[Captioned web images]
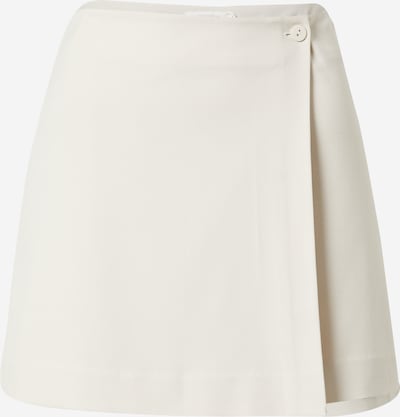 Kendall for ABOUT YOU Skirt 'Dion' in White, Item view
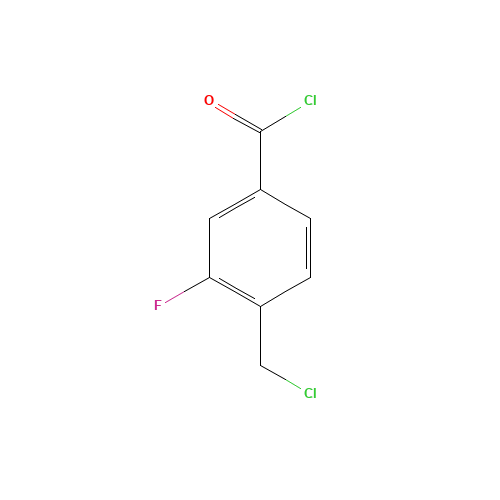 FT-0686808 CAS:200418-17-3 chemical structure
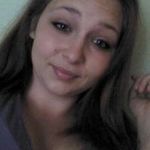 Summer Louise Applegate - @applegatesummer - Instagram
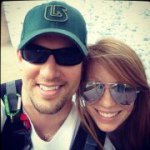 Matt Dumas - @rubbabubba - Instagram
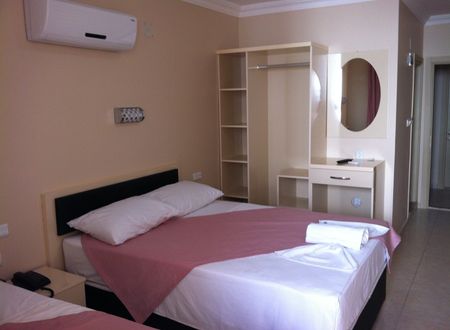 turkey/mersin/erdemli/ufukhotel689527b9.jpg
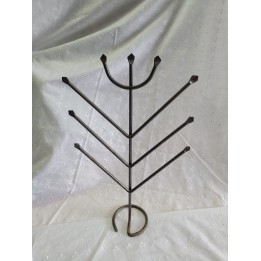 Ferro de Exu (40CM)
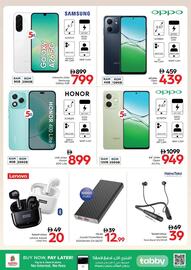 Nesto catalogue Page 20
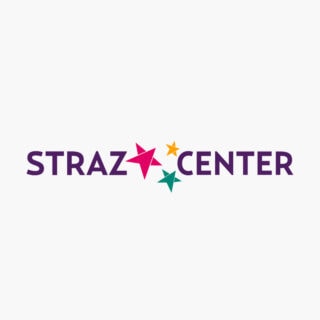 Straz Center for the Performing Arts Tampa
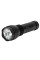 Фонарь поисковый LunSun ксенон (LS-9024C)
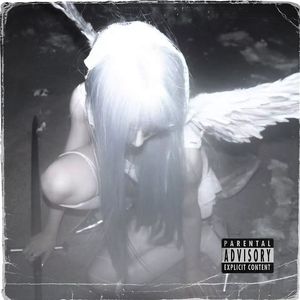 【售断】"泣尸鸟"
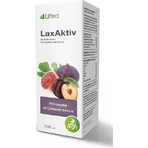 LIFTEA LaxAktiv KIDS 1×100 мл, жидкость (раствор): цены и характеристики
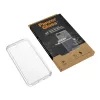 PanzerGlass® HardCase iPhone SE (2020/2022) | 7 | 8, Dėklas, Apple, Skaidrus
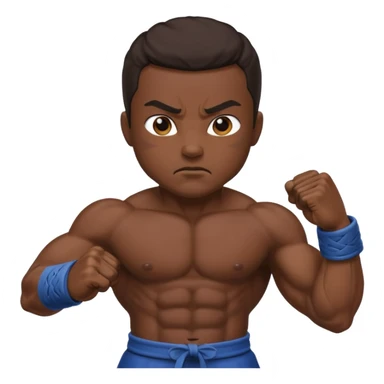 Street fighter  hatogit sticker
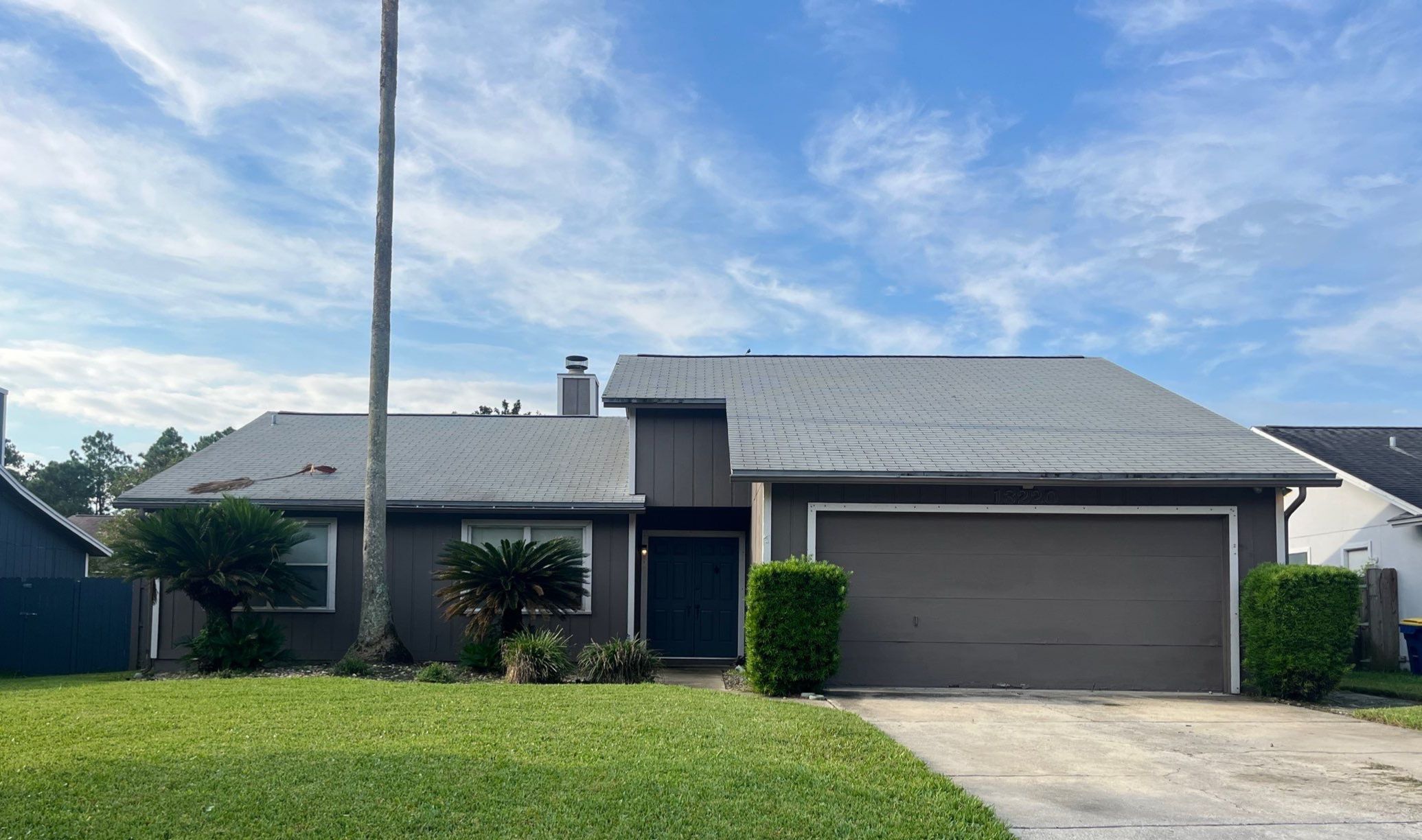 Shingle -> Shingle by Prime Roofing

Work order: Please retype the lines from the one containing "FT-0686808 CAS:200418-17-3 chemical" through the last line of the records above, exactly as written, and leave out any pictures.

Solution to this task:
 FT-0686808 CAS:200418-17-3 chemical structure
 Summer Louise Applegate - @applegatesummer - Instagram
 Matt Dumas - @rubbabubba - Instagram
 turkey/mersin/erdemli/ufukhotel689527b9.jpg
 Ferro de Exu (40CM)
 Nesto catalogue Page 20
 Straz Center for the Performing Arts Tampa
 Фонарь поисковый LunSun ксенон (LS-9024C)
 【售断】"泣尸鸟"
 LIFTEA LaxAktiv KIDS 1×100 мл, жидкость (раствор): цены и характеристики
 PanzerGlass® HardCase iPhone SE (2020/2022) | 7 | 8, Dėklas, Apple, Skaidrus
 Street fighter  hatogit sticker
 Shingle -> Shingle by Prime Roofing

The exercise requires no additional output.